Correlation Between QBE Insurance and Aspen Insurance
Can any of the company-specific risk be diversified away by investing in both QBE Insurance and Aspen Insurance at the same time? Although using a correlation coefficient on its own may not help to predict future stock returns, this module helps to understand the diversifiable risk of combining QBE Insurance and Aspen Insurance into the same portfolio, which is an essential part of the fundamental portfolio management process.
By analyzing existing cross correlation between QBE Insurance Group and Aspen Insurance Holdings, you can compare the effects of market volatilities on QBE Insurance and Aspen Insurance and check how they will diversify away market risk if combined in the same portfolio for a given time horizon. You can also utilize pair trading strategies of matching a long position in QBE Insurance with a short position of Aspen Insurance. Check out your portfolio center. Please also check ongoing floating volatility patterns of QBE Insurance and Aspen Insurance.
Diversification Opportunities for QBE Insurance and Aspen Insurance
0.0 | Correlation Coefficient |
Pay attention - limited upside
The 3 months correlation between QBE and Aspen is 0.0. Overlapping area represents the amount of risk that can be diversified away by holding QBE Insurance Group and Aspen Insurance Holdings in the same portfolio, assuming nothing else is changed. The correlation between historical prices or returns on Aspen Insurance Holdings and QBE Insurance is a relative statistical measure of the degree to which these equity instruments tend to move together. The correlation coefficient measures the extent to which returns on QBE Insurance Group are associated (or correlated) with Aspen Insurance. Values of the correlation coefficient range from -1 to +1, where.

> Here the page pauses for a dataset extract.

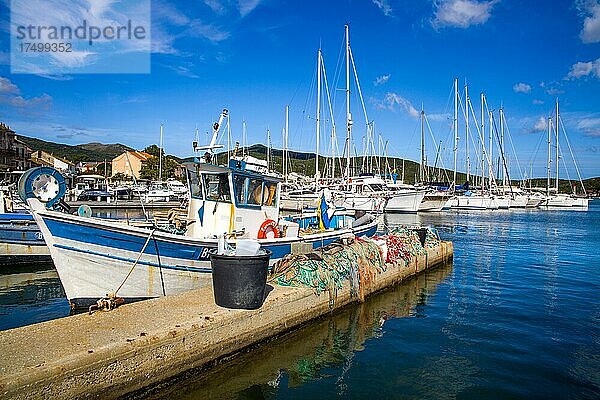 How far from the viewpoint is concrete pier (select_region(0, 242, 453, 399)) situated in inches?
183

The correlation of zero (0) is possible when the price movement of Aspen Insurance Holdings has no effect on the direction of QBE Insurance i.e., QBE Insurance and Aspen Insurance go up and down completely randomly.
Pair Corralation between QBE Insurance and Aspen Insurance
Assuming the 90 days horizon QBE Insurance Group is expected to generate 1.94 times more return on investment than Aspen Insurance. However, QBE Insurance is 1.94 times more volatile than Aspen Insurance Holdings. It trades about 0.08 of its potential returns per unit of risk. Aspen Insurance Holdings is currently generating about 0.09 per unit of risk. If you would invest 1,048 in QBE Insurance Group on September 2, 2024 and sell it today you would earn a total of 117.00 from holding QBE Insurance Group or generate 11.16% return on investment over 90 days.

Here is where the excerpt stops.